Yes, "Alias" (8 p.m. Sundays, ABC). Two years ago, I watched the first four episodes, found the characters a little thin and then switched back to "The X-Files." I also can't get myself to care about "CSI" (8 p.m. Thursdays, CBS), "Without a Trace" (9 p.m. Thursdays, CBS) or "Boomtown" (9 p.m. Fridays, NBC), even though they are fine examples of the crime-solving genre. "Skin" (8 p.m. Mondays, Fox), which blends pornography, courtrooms and star-crossed lovers, could be this year's Quality Show That Bores Me.
Are there any bad shows you regularly watch?
"American Dreams" (7 p.m. Sundays, NBC) is by no stretch a good show, but I keep hoping it suddenly will be brilliant.
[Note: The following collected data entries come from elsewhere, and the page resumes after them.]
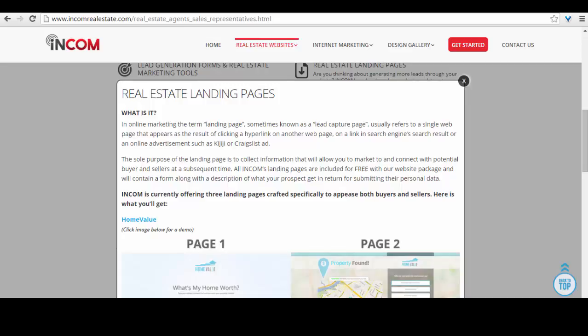Landing pages are lead generation tools that benefit both the real estate professional and the customer. On one hand, landing pages can gather valuable insight about the customer to help real estate professionals such as yourself understand customers' needs better and turn those leads into clients.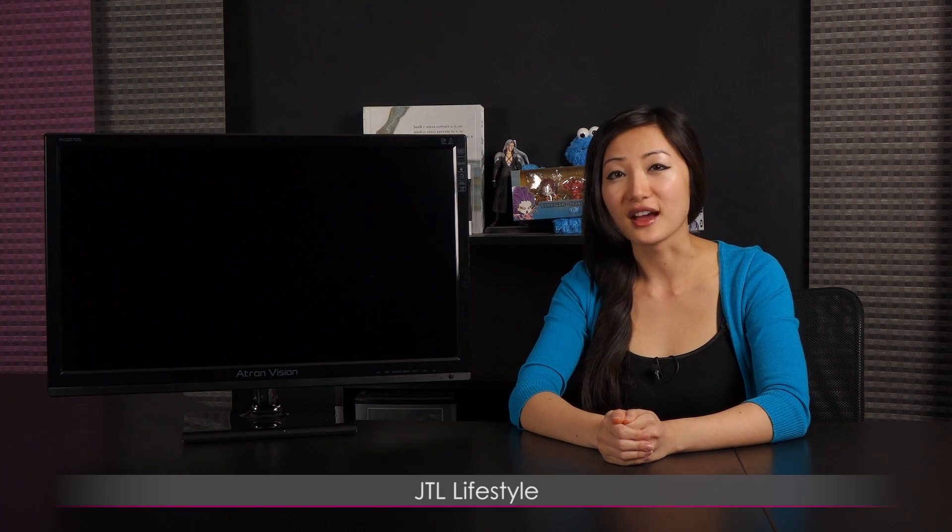Also, be sure to check out my other YouTube channels, JTL Lifestyle and JTL Cuteness Overload. I guess all that's left to say is muah! Thank you very much.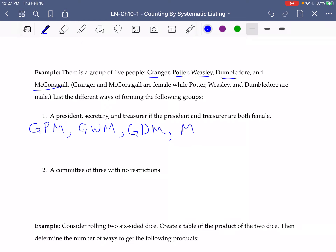And if McGonagall is president, Granger has to be the treasurer, because we're looking at both the president and treasurer being female. So we could have McGonagall, Potter, Granger; McGonagall, Weasley, Granger; or McGonagall, Dumbledore, and Granger.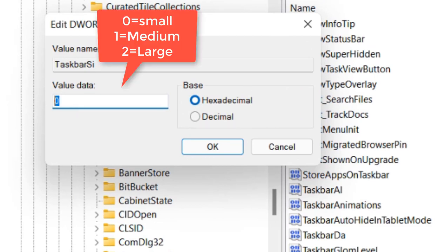Now change the value data to 0, 1, or 2 depending on whether you want to make it small, medium, or large.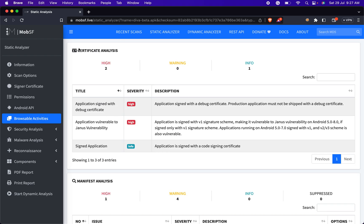In the Certificate Analysis session, you will find vulnerability information related to the signer certificate used to sign the Android application. The digital certificate plays a crucial role in verifying the authenticity and integrity of the target application.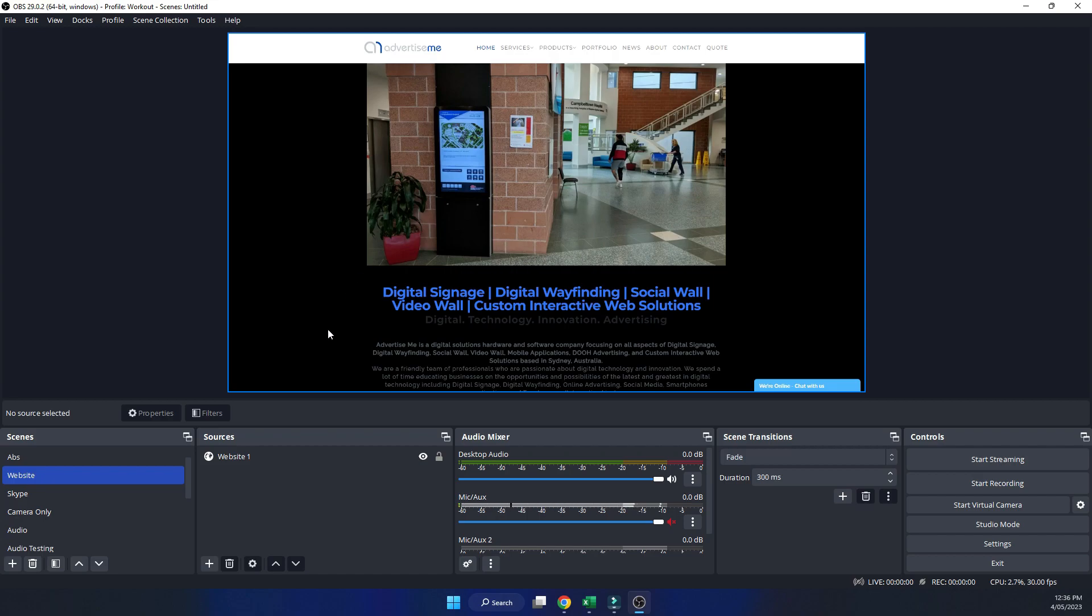So I've added a source here which is a browser source. As you can see there's no way to scroll up and down at the moment.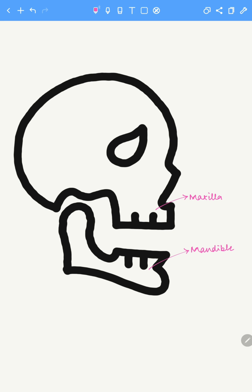A trick to keep this in mind is that the upper jaw, which is the maxilla, has the word 'max' in it, and max is indicative of maximum — meaning having the most of something and being at the top. Hence, the maxilla is the upper jaw while the mandible is the lower jaw. I hope this trick helps you.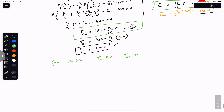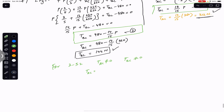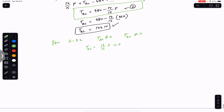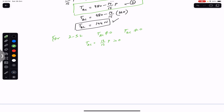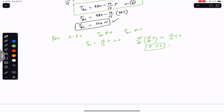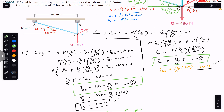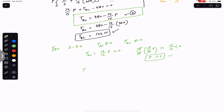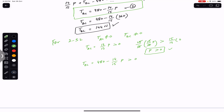Using equation 1: TAC = (13/15)P > 0. Multiplying both sides by 15/13, we get P > 0. This is the first condition — P must be greater than zero for both cables to remain taut.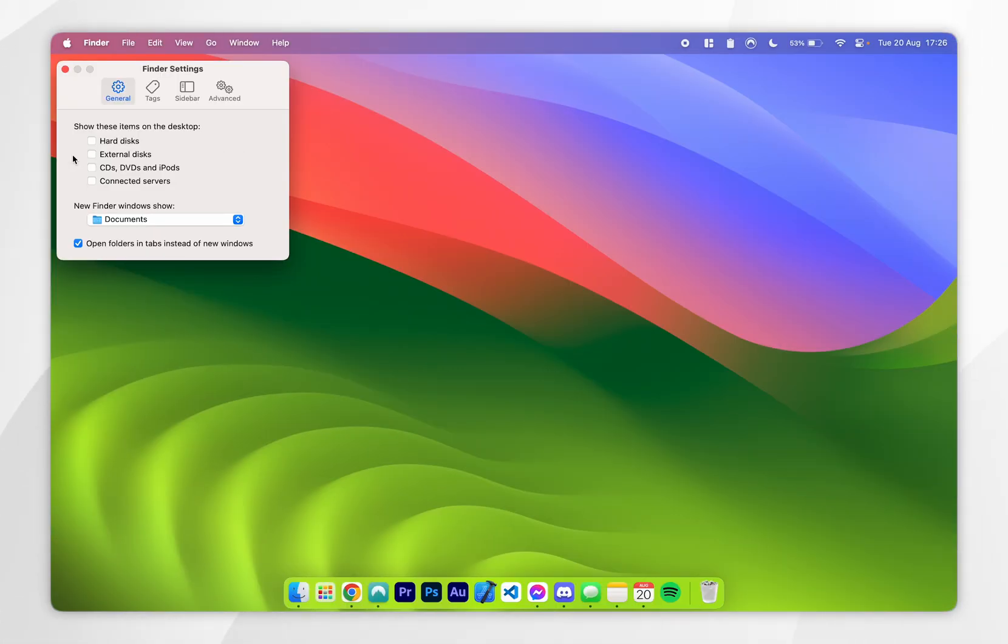Now because you may need to access these drives on your Mac but you don't want them showing on your desktop, you can enable them in the sidebar in the Finder.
Brittany Snow is wonderful as the nave 1960s teenager and the "American Bandstand" segments, wherein modern musicians stand in for the legends, are a nice conceit. The show is relentlessly predictable, but at least none of the characters are cops.
Also, I am tempted to tune into David E. Kelley's atrocious "Boston Public" because Milo Ventimiglia and Dennis Miller will have guest arcs and "Roswell's" Jason Katims is on board as an executive producer.
Are there any shows that have jumped the shark that are poised for a reverse shark-jump?
Another Kelley show, "The Practice" (9 p.m. Sundays, ABC) is poised to pull off that rare feat. As with Robert Patrick invigorating the stale "X-Files" in 2000, talented film actor James Spader will spice up this floundering law drama. I love the fact that Kelley dispatched the annoying characters (Bobby, Lindsay and Helen) and kept the cool ones (Eugene, Eleanor and Jimmy). It almost makes me forgive him for "Boston Public." Almost.
What is the best TV night of the week?
Even with the loss of "Buffy" and "Andy Richter," Tuesday still reigns with the 1-2-3 punch of "Gilmore Girls," "24" (8 p.m., Fox) and "Judging Amy" (9 p.m., CBS).
What's the weakest night of TV?
As always, Saturday. But Monday is surprisingly dull, as well. I suppose I'll have to give John Madden and Al Michaels another chance.
If VCRs didn't exist, what would be the toughest decision on the primetime grid?
"Joan of Arcadia" and "Miss Match" look to be the best new dramas of the season other than "The O.C.," and they go head-to-head at 7 p.m. Fridays. Thankfully, VCRs do exist, and I have nothing better to do on Friday nights.